Appetizers, Soups and Salads

Sesame Somen Noodles with Shiitake Mushrooms

“When I worked at Louie’s Backyard in Key West, we served a similar noodle salad with peanut butter. It was quite spice, but I prefer this milder preparation.” —Chef, The Brewery Gulch Inn


Servings: Makes 8 to 10 Servings

1 (12-ounce) package somen noodles
8 ounces shiitake mushrooms
½ cup plus 2 tablespoons extra virgin olive oil, divided
¼ cup toasted sesame oil
¼ cup rice wine vinegar
¼ cup shoyo or soy sauce
1 cup chopped scallions
½ cup honey
¼ cup chopped cilantro
1 tablespoon sambal paste or siracha*
¼ cup orange juice


Cook somen noodles in salted water and strain.
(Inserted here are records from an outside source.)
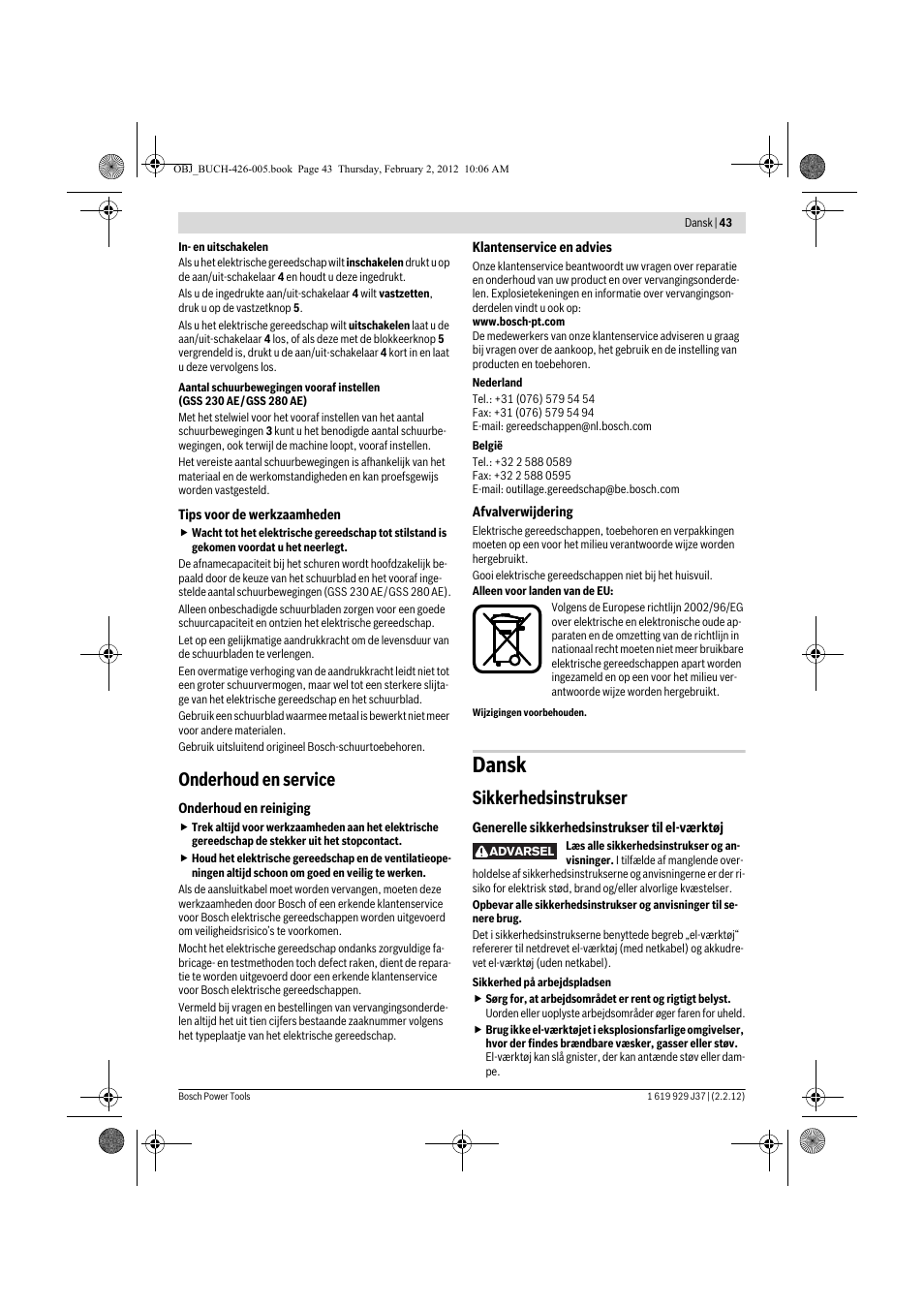 Dansk, Onderhoud en service, Sikkerhedsinstrukser | Bosch GSS Professional 230 A User Manual | Page 43 / 158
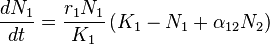  \frac{dN_1}{dt} = \frac{r_1N_1}{K_1}\left( K_1 - N_1 + \alpha_{12}N_2 \right) 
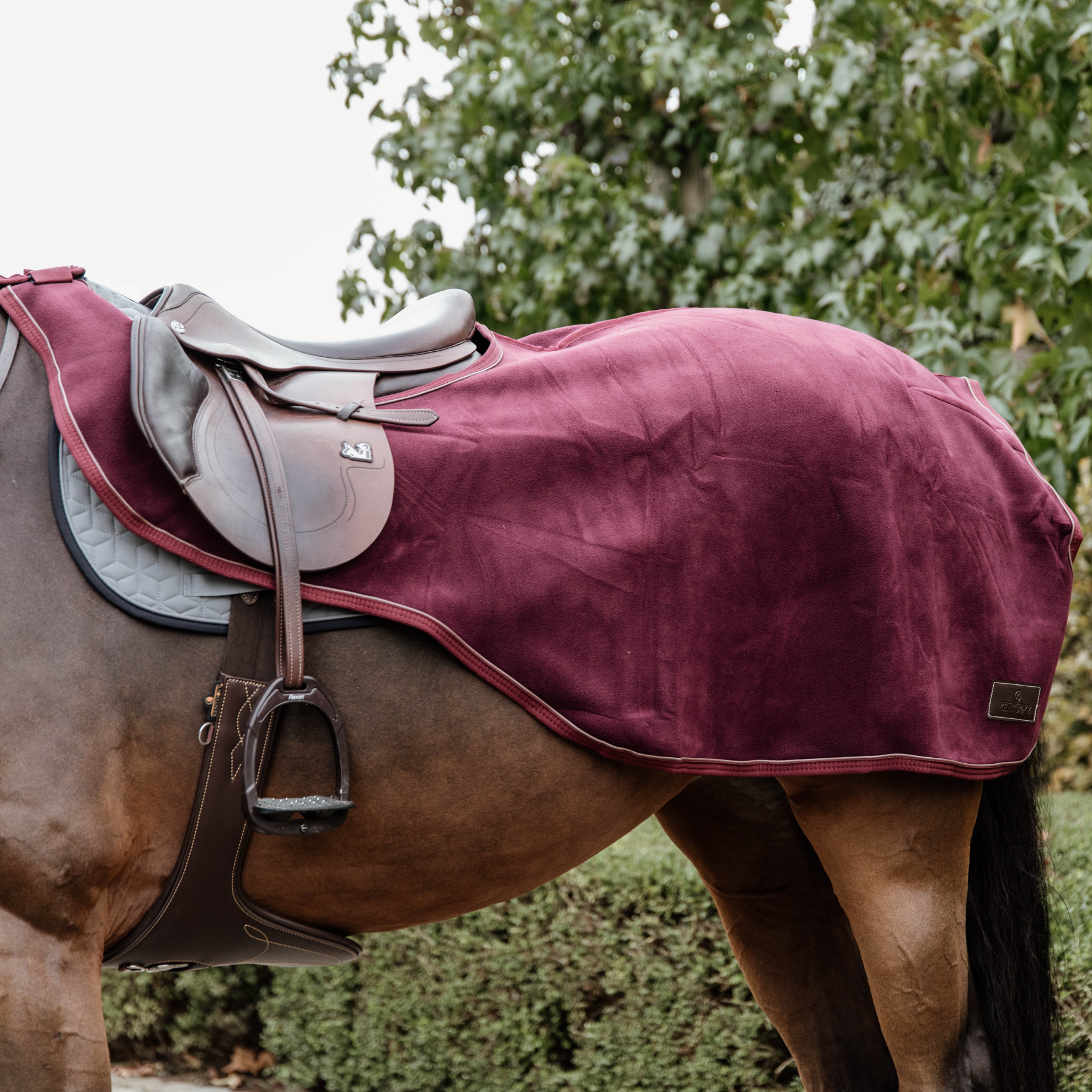 Kentucky Horsewear Riding Rug Heavy Fleece, Burgundy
Remove stems and cut shiitake mushrooms into strips. Sauté mushrooms in 2 tablespoons of oil for 1 minute. In a large bowl, whisk together remaining ingredients. Toss noodles and shiitake mushrooms with dressing and serve at room temperature. *Sambal paste and siracha sauce can be found in any major grocery store on the international/Asian food aisle with other condiments.